Extracted data -
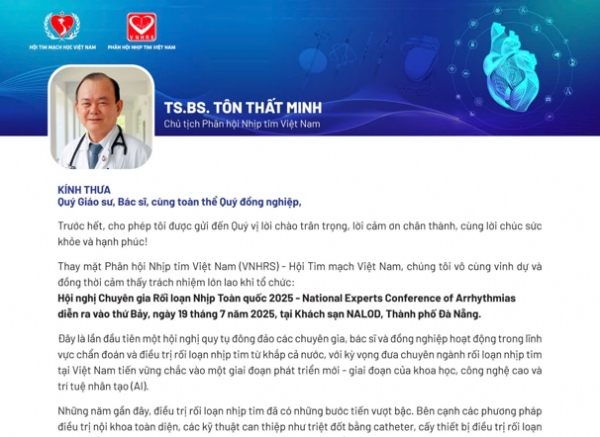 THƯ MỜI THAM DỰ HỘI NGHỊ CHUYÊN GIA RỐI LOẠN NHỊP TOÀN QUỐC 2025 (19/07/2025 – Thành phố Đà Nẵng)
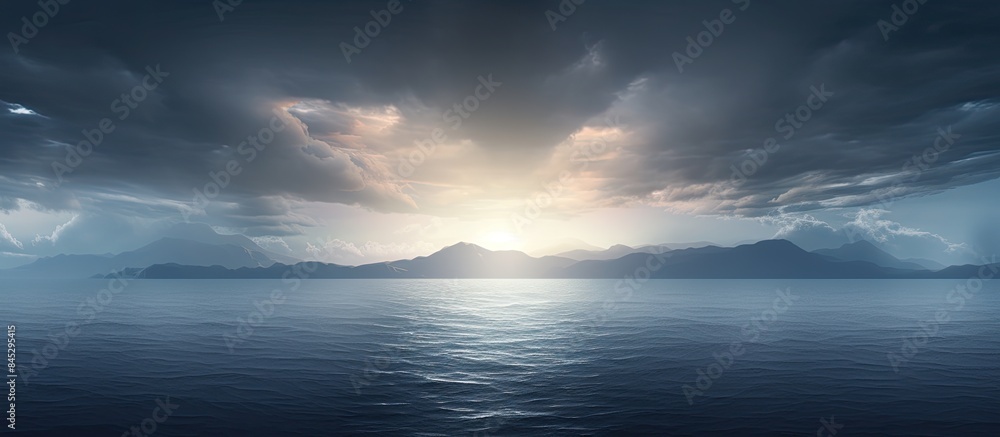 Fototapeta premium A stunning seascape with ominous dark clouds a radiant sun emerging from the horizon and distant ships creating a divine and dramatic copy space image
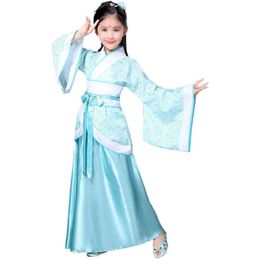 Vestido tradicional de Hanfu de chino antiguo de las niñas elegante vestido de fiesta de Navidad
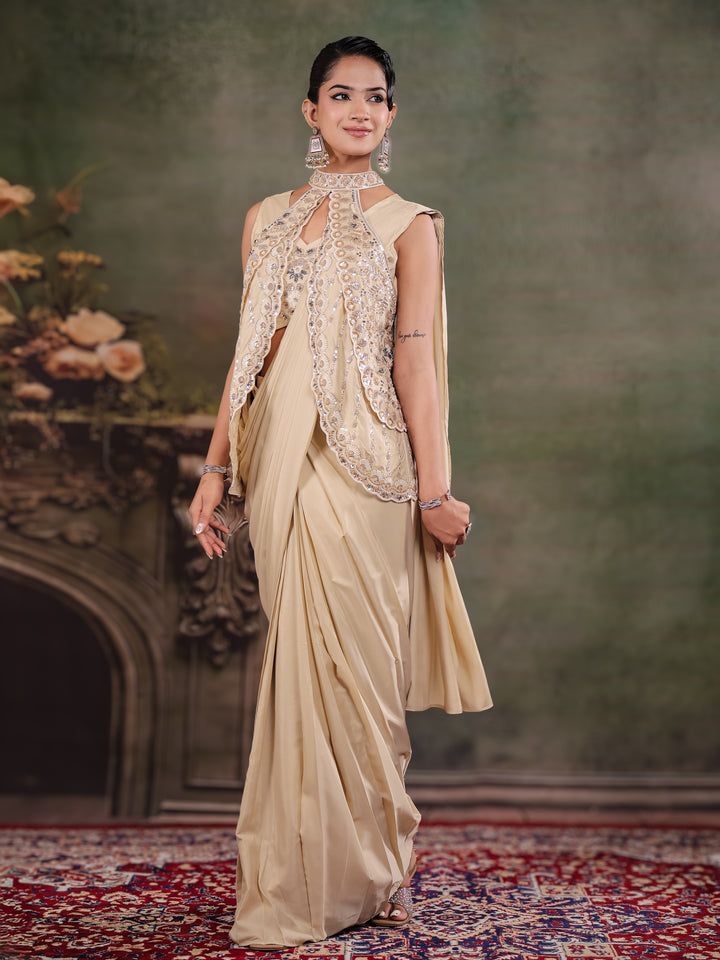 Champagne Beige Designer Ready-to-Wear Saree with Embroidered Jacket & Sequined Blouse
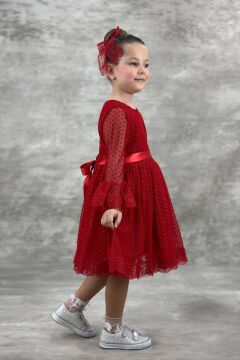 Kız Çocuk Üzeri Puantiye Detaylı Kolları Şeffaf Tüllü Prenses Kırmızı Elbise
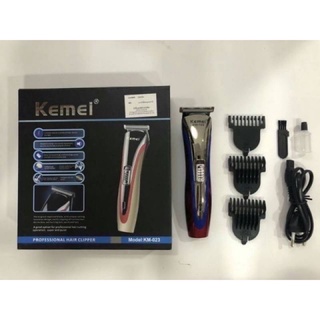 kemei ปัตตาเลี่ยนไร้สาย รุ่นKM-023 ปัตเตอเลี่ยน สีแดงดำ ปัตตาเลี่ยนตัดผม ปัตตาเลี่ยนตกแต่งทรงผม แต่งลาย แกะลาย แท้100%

...

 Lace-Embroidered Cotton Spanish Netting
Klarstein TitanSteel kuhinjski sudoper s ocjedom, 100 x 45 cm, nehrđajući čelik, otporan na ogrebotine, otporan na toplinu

Exercise - Among the entries above, locate the line with "THƯ MỜI THAM" and the line with "kemei ปัตตาเลี่ยนไร้สาย รุ่นKM-023". Give those two lines and all lines between them again, exactly, leaving out the pictures.

Response to the exercise -
 THƯ MỜI THAM DỰ HỘI NGHỊ CHUYÊN GIA RỐI LOẠN NHỊP TOÀN QUỐC 2025 (19/07/2025 – Thành phố Đà Nẵng)
 Fototapeta premium A stunning seascape with ominous dark clouds a radiant sun emerging from the horizon and distant ships creating a divine and dramatic copy space image
 Vestido tradicional de Hanfu de chino antiguo de las niñas elegante vestido de fiesta de Navidad
 Champagne Beige Designer Ready-to-Wear Saree with Embroidered Jacket & Sequined Blouse
 Kız Çocuk Üzeri Puantiye Detaylı Kolları Şeffaf Tüllü Prenses Kırmızı Elbise
 kemei ปัตตาเลี่ยนไร้สาย รุ่นKM-023 ปัตเตอเลี่ยน สีแดงดำ ปัตตาเลี่ยนตัดผม ปัตตาเลี่ยนตกแต่งทรงผม แต่งลาย แกะลาย แท้100%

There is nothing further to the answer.